==== MATERIAL FOR THE TASK

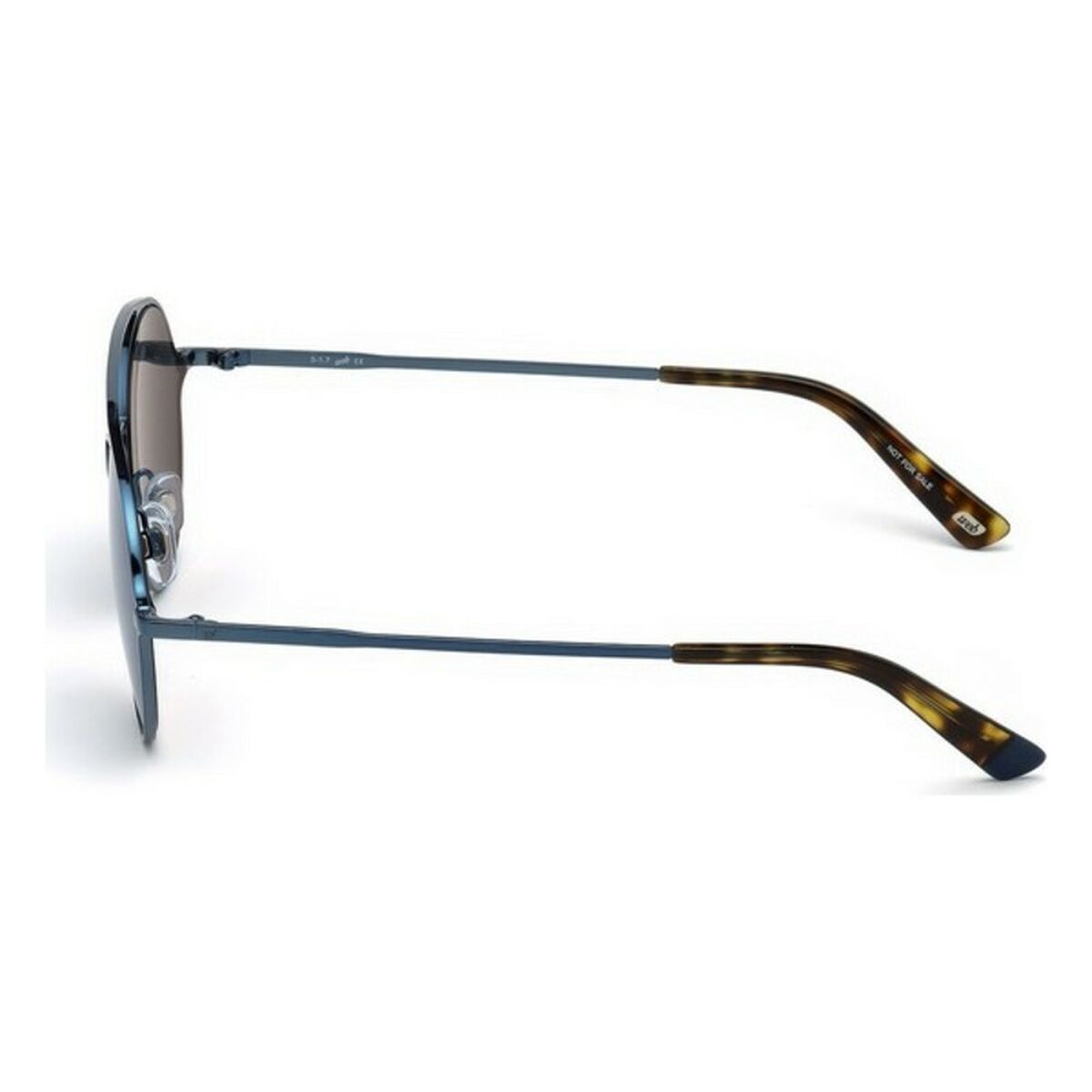 Unisexsolglasögon Web Eyewear WE0220-90X ø 56 mm - 2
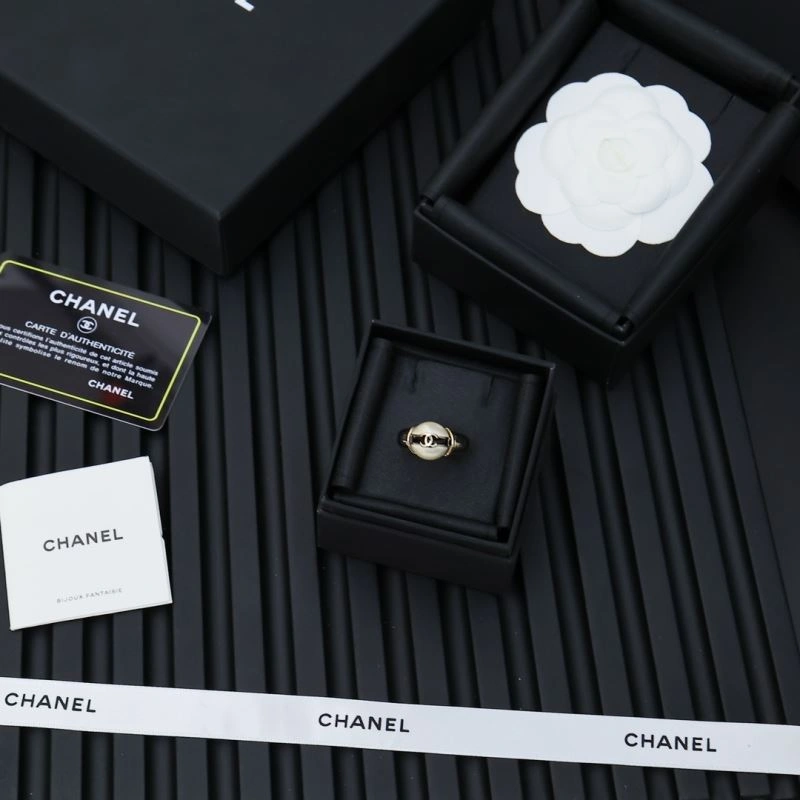 Chanel Rings UrbanChic 230357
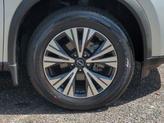 Thumbnail of 2023 Brilliant Silver Metallic Nissan Rogue
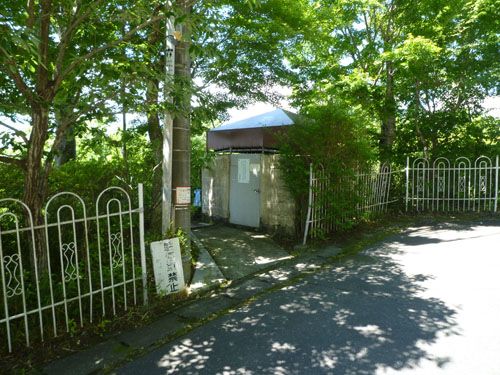 Yamanakako Lakeside C Unit with Mount Fuji View for Sale - Thumbnail 4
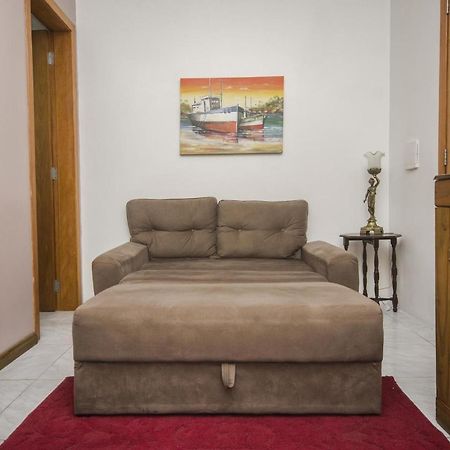 Residencial Salmao Aparthotel Bombinhas Εξωτερικό φωτογραφία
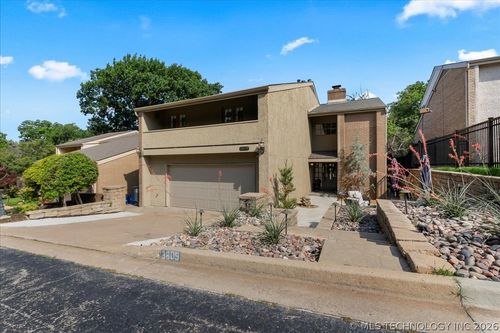 3809 66th St, Tulsa, OK, 74136-2820 | Card Image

========

Apart from the images, every line above needs to be printed again exactly.

 Unisexsolglasögon Web Eyewear WE0220-90X ø 56 mm - 2
 Chanel Rings UrbanChic 230357
 Thumbnail of 2023 Brilliant Silver Metallic Nissan Rogue
 Yamanakako Lakeside C Unit with Mount Fuji View for Sale - Thumbnail 4
 Residencial Salmao Aparthotel Bombinhas Εξωτερικό φωτογραφία
 3809 66th St, Tulsa, OK, 74136-2820 | Card Image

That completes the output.